You might worry that finding “reasons” to embrace unrequited love feels wrong, like trying to rationalize an irrational emotion. You might think that true acceptance requires genuinely believing it’s okay to be in love, not just telling yourself it is. Fortunately, there’s a compelling, non-prudential reason to embrace unrequited love: its sublime nature.
The capacity for arational love, even when it’s unrequited, is a remarkable aspect of being human. Despite our vulnerabilities, we are capable of immense, unconditional love, a feeling that touches upon the infinite and eternal. This resonates with Immanuel Kant’s concept of the mathematical sublime. Kant described the sublime as something that overwhelms our capacity for reason and sense, yet in that very overwhelming nature, reveals something profound about our human spirit. Our ability to feel something so vast, so powerful, beyond our control, “indicates a faculty … which surpasses every standard of sense.”

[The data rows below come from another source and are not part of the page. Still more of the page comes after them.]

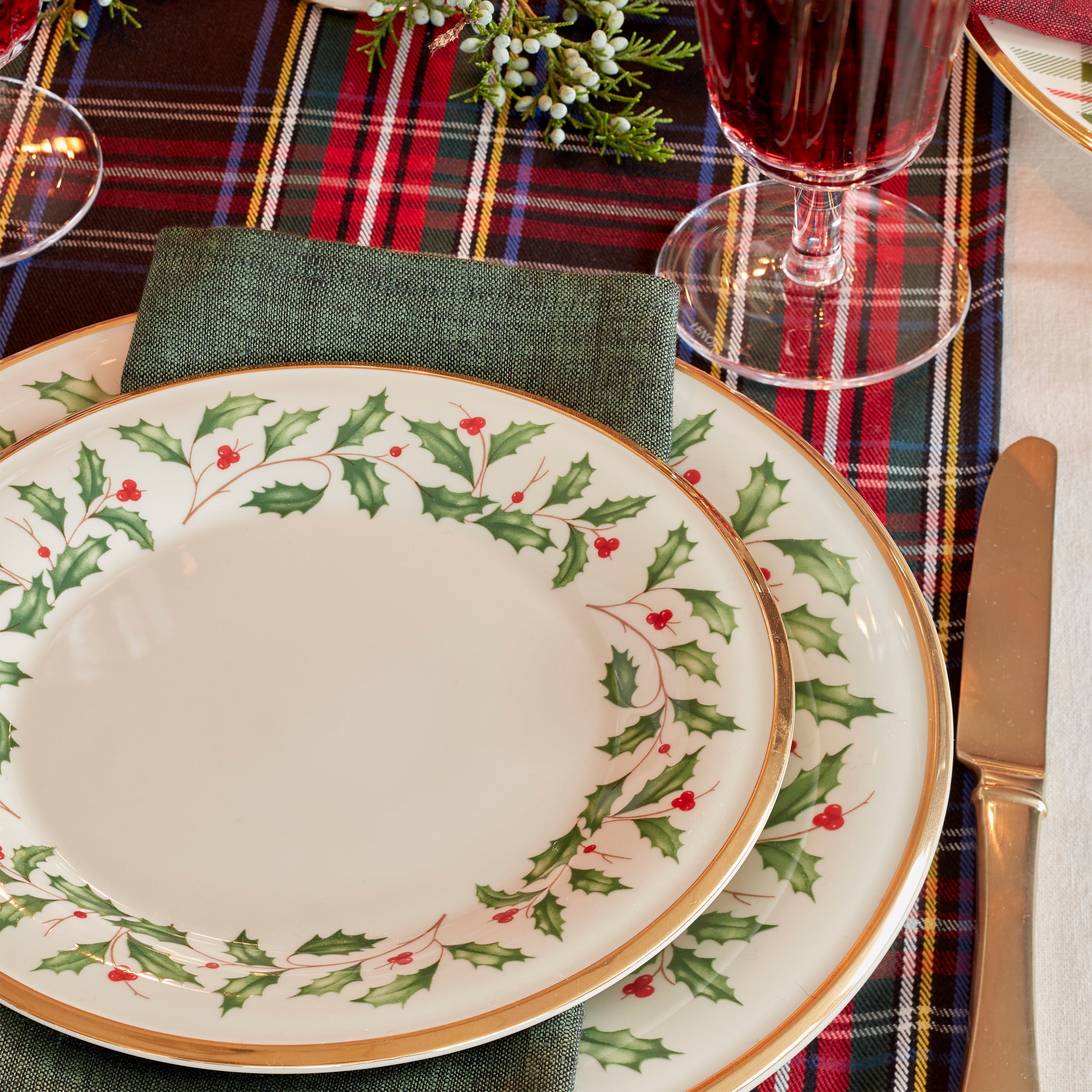 Lenox Westmore Holiday 3-Piece Place Setting - Image 3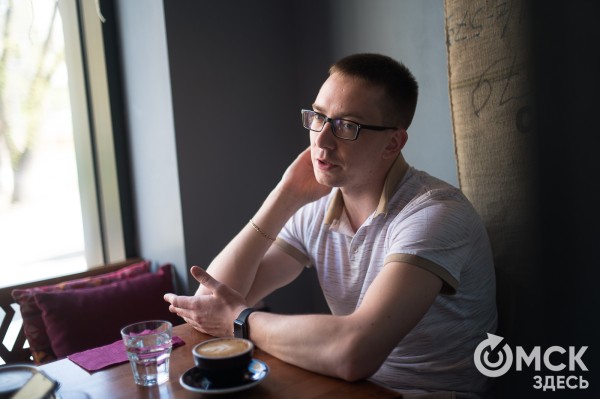 "У меня на руках чуть не умер ребёнок, и я думал об увольнении". Честный разговор с фельдшером скорой помощи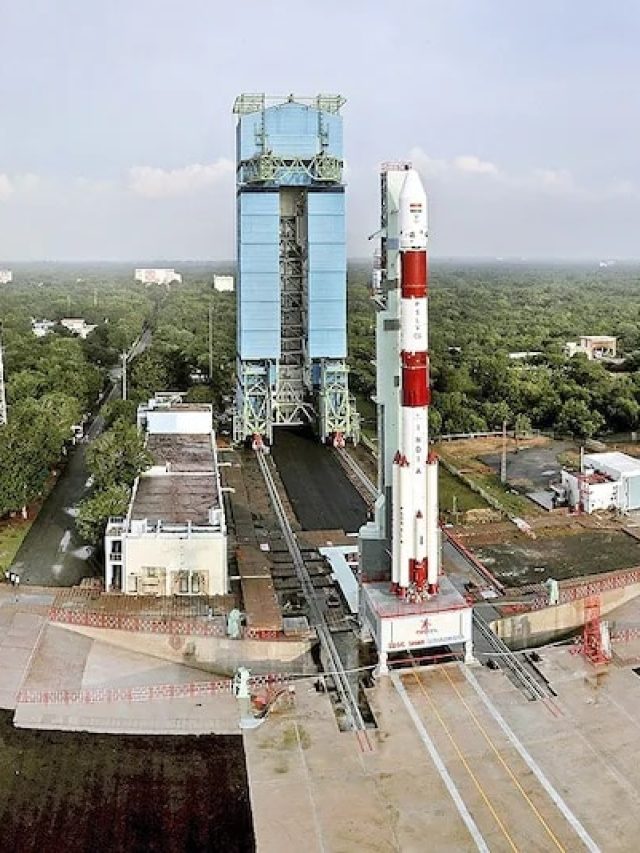 दुश्मनों पर कड़ी नजर रखने के लिए ISRO का एक और सैटेलाइट लॉन्च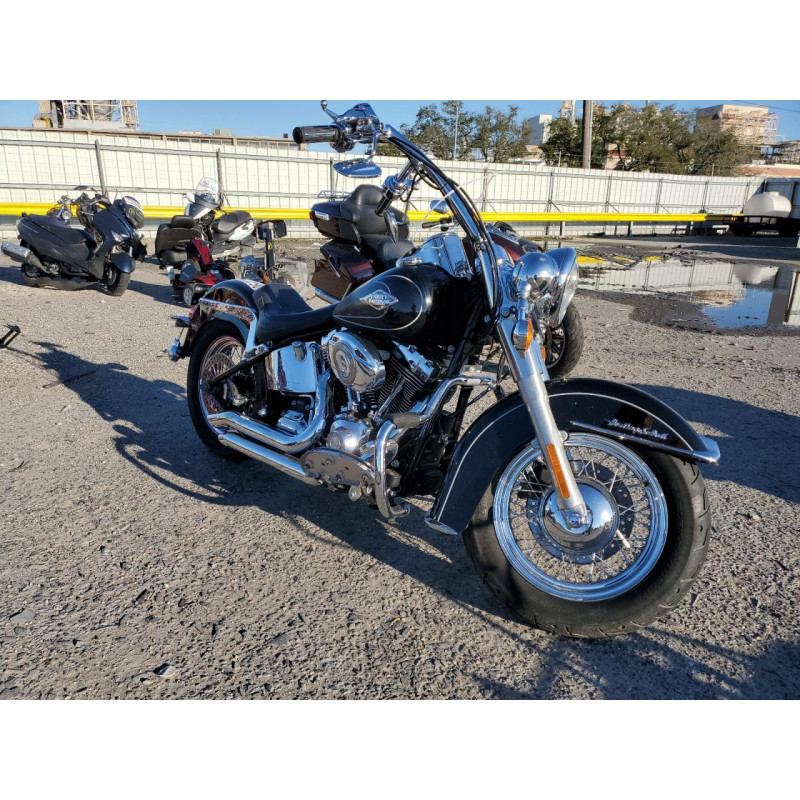 2011 HARLEY-DAVIDSON FL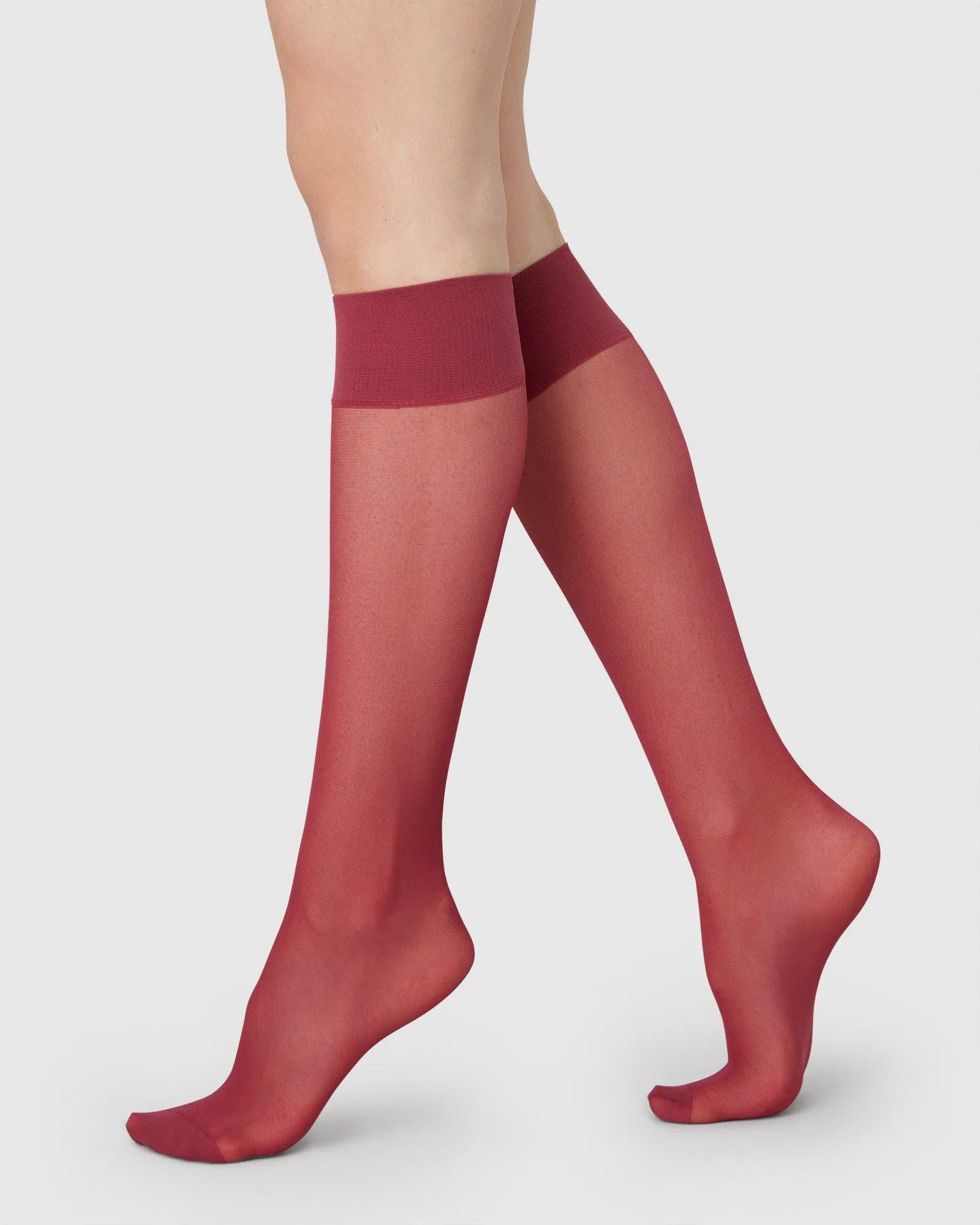 Elin Premium Knee-High Socks Red sold by Ivalo.com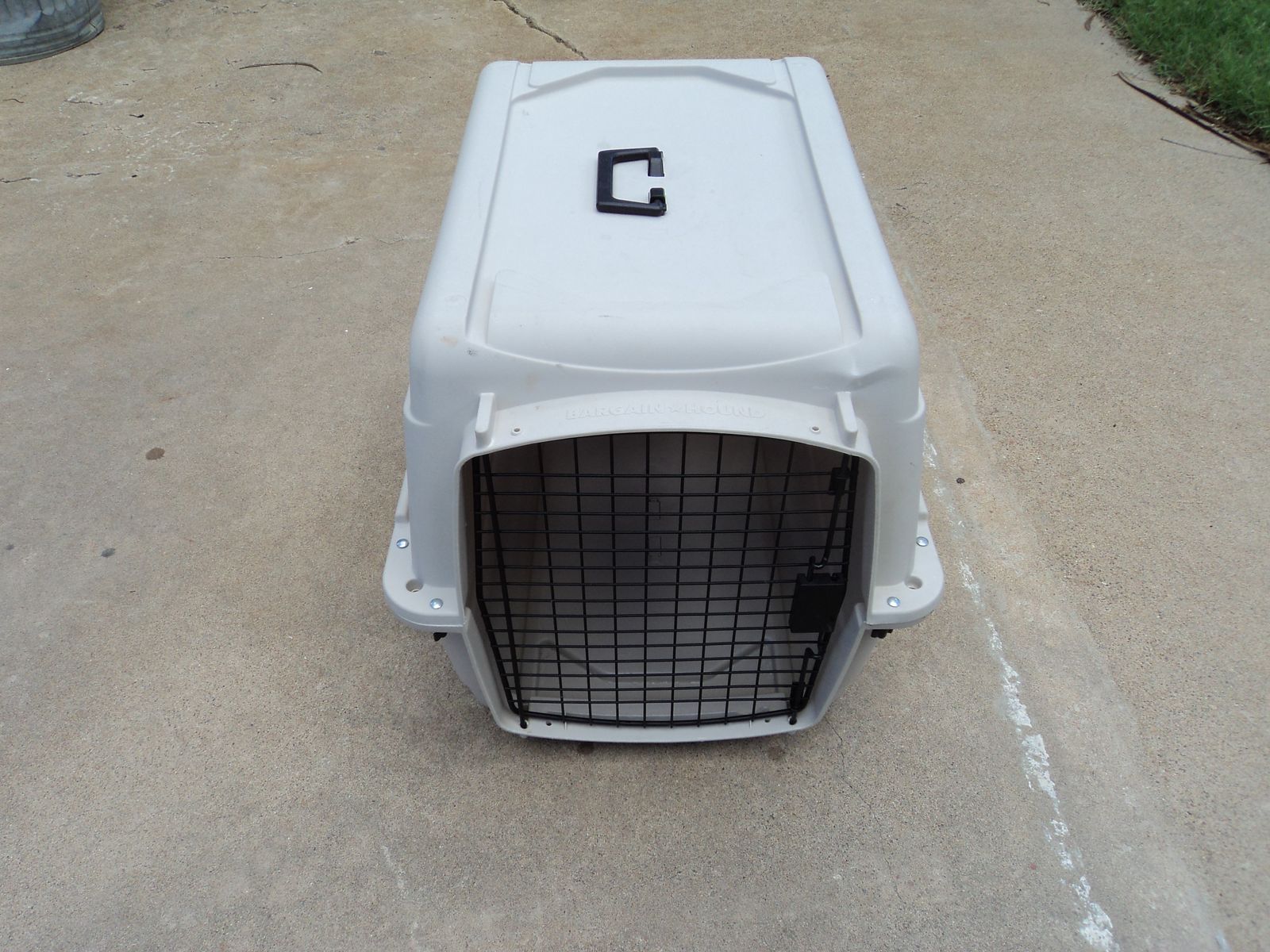 Dog Crate 25"L 18'W 20"H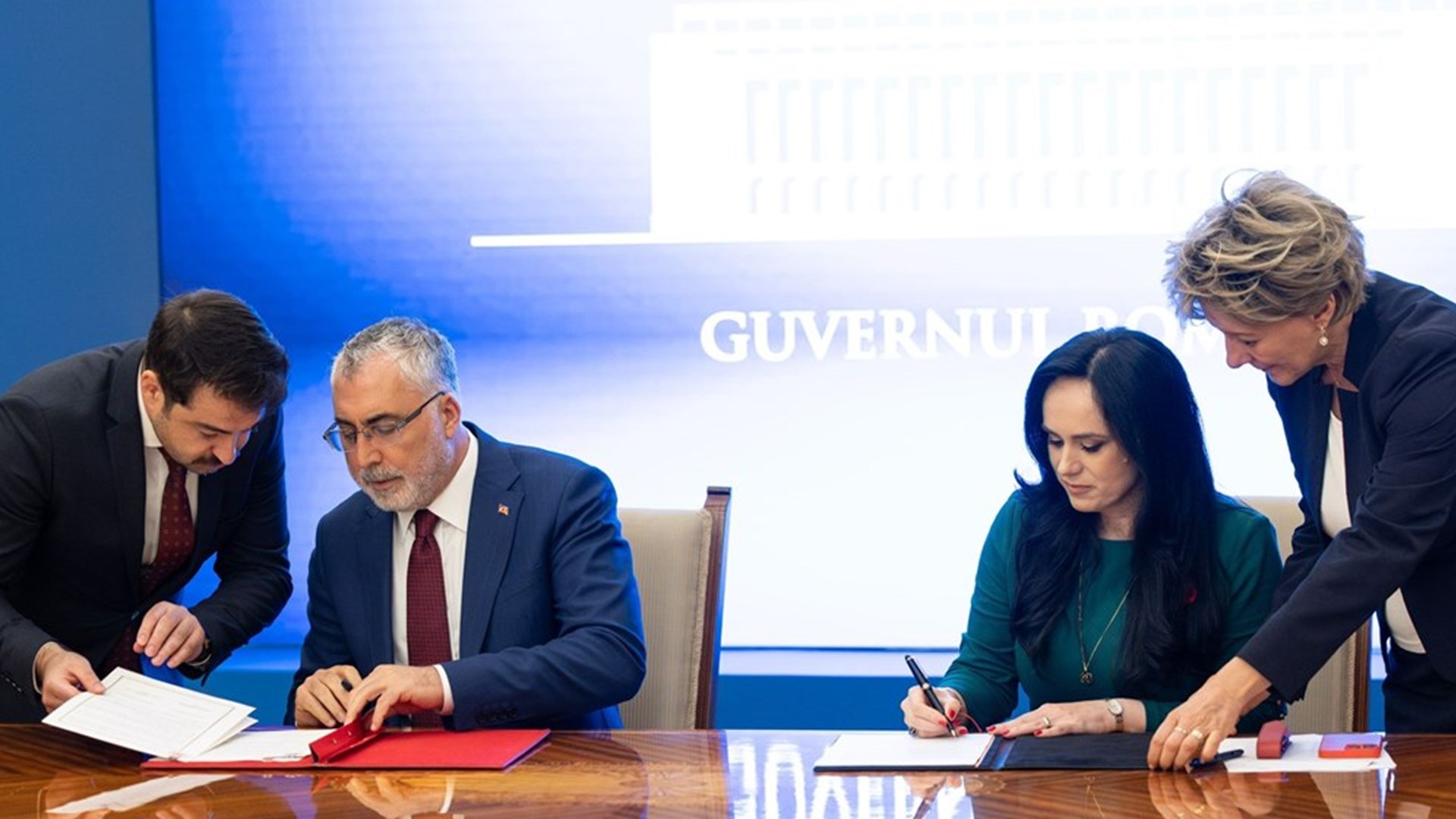 Çalışma ve Sosyal Güvenlik Bakanı Prof. Dr. Vedat Işıkhan, Çalışma ve Sosyal Güvenlik Bakanlığı ile Romanya Çalışma ve Sosyal Dayanışma Bakanlığı arasındaki Çalışma ve Sosyal Güvenlik Ortak Çalışma Grubu’nun 1. Toplantısı’na katılmak ve çeşitli temaslarda bulunmak üzere Romanya’ya gitti.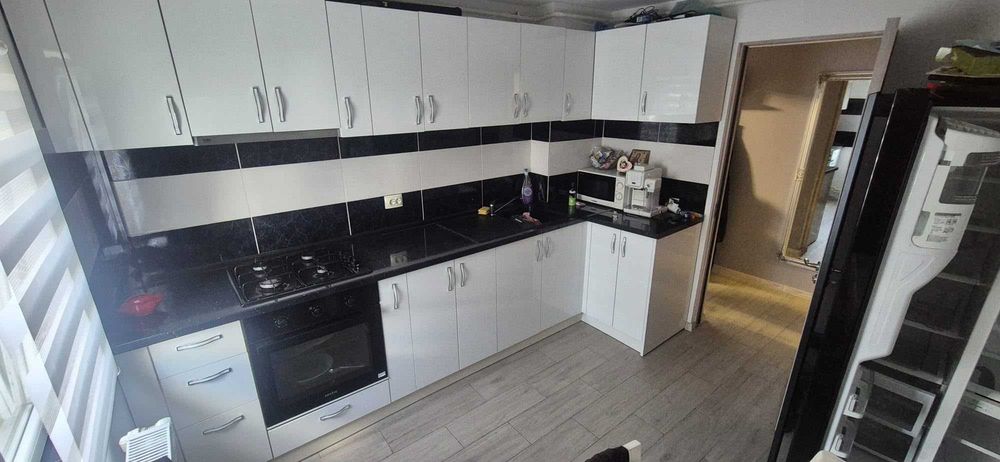 Apartament cu 3 camere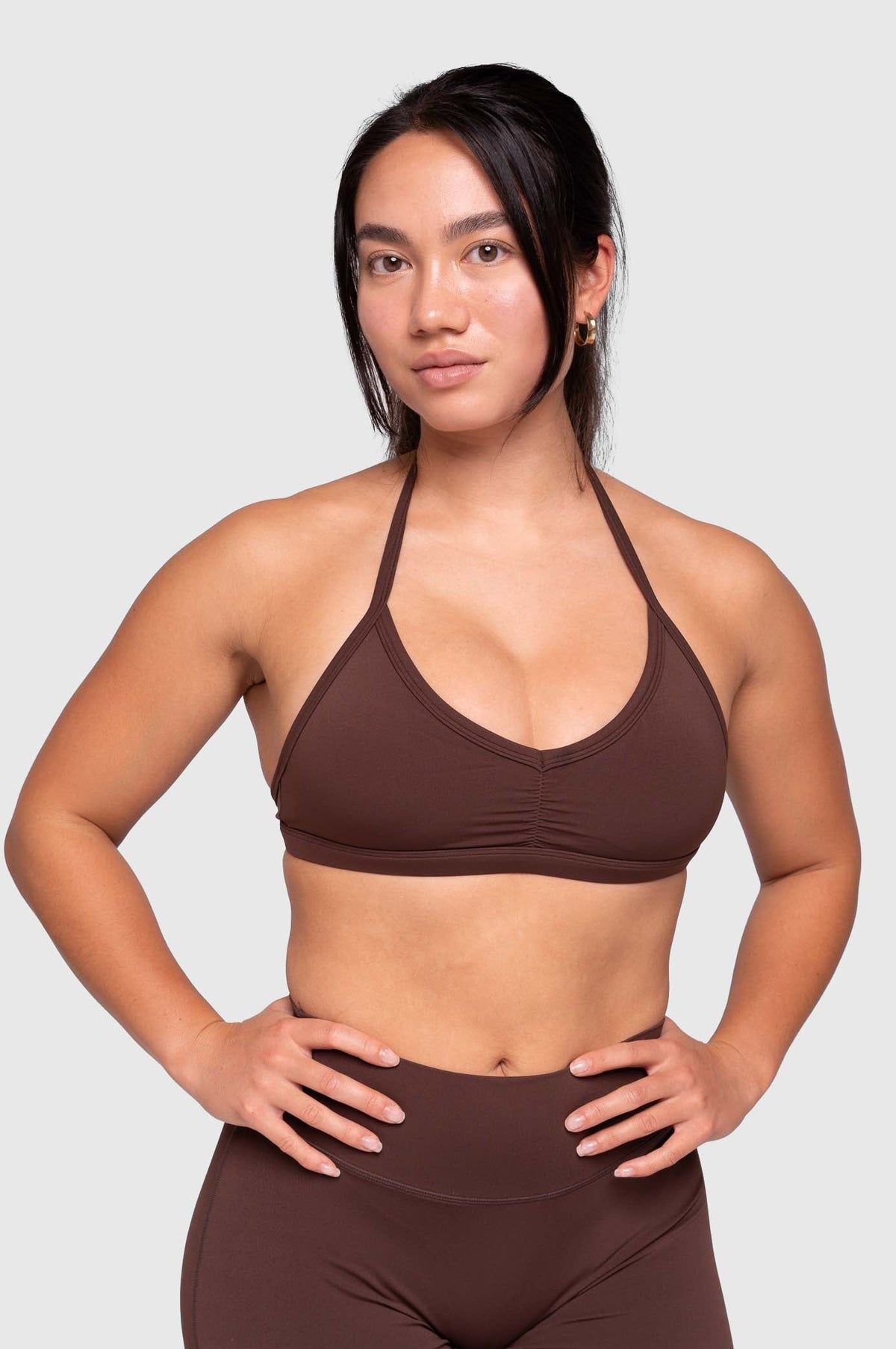 Ease x Amalie Vad - Halterneck Sports bra (Coffee Brown)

To love is to demonstrate a capacity that exceeds the limitations of both our senses and our reason. The depth of feeling we can experience is a testament to our humanity. Our relative helplessness in the face of love highlights what it means to be human. As W.H. Auden wrote, “If equal affection cannot be, / Let the more loving one be me.” Love, in its immensity, is sublime because it gestures towards something beyond our full comprehension, something beyond the limits of our rational understanding.
We often try to rationalize love, to make it sensible and explainable. We seek reasons why we love, trying to fit it into a logical framework. But love often defies these attempts. It’s not a choice, yet it’s also not something that simply happens to us passively. There’s an inherent mystery in love, reflecting a deeper mystery about our own agency and selves. Exploring love, especially unrequited love, pushes us to the edges of our understanding of ourselves and our capacity for feeling. Love, in its sublime nature, offers a glimpse into something supersensible, something beyond the ordinary bounds of our experience.
In conclusion, love – including unrequited love – is an extraordinary human experience. It can withstand hardship, endure pain, and persist against all odds. Even when it pains you that your love is not returned, find solace in the fact that in loving, you are touching upon something sublime. This “edge” of human experience, though challenging, is not something to avoid. Instead, regard it with awe and recognize the profound capacity for love that it reveals within you. Whether reciprocated or not, romantic love is sublime and worthy of embrace because it reveals a unique and noble capacity within the lover. When you love someone, even if they don’t love you back in the same way, you are experiencing one of the most profound and meaningful aspects of being human.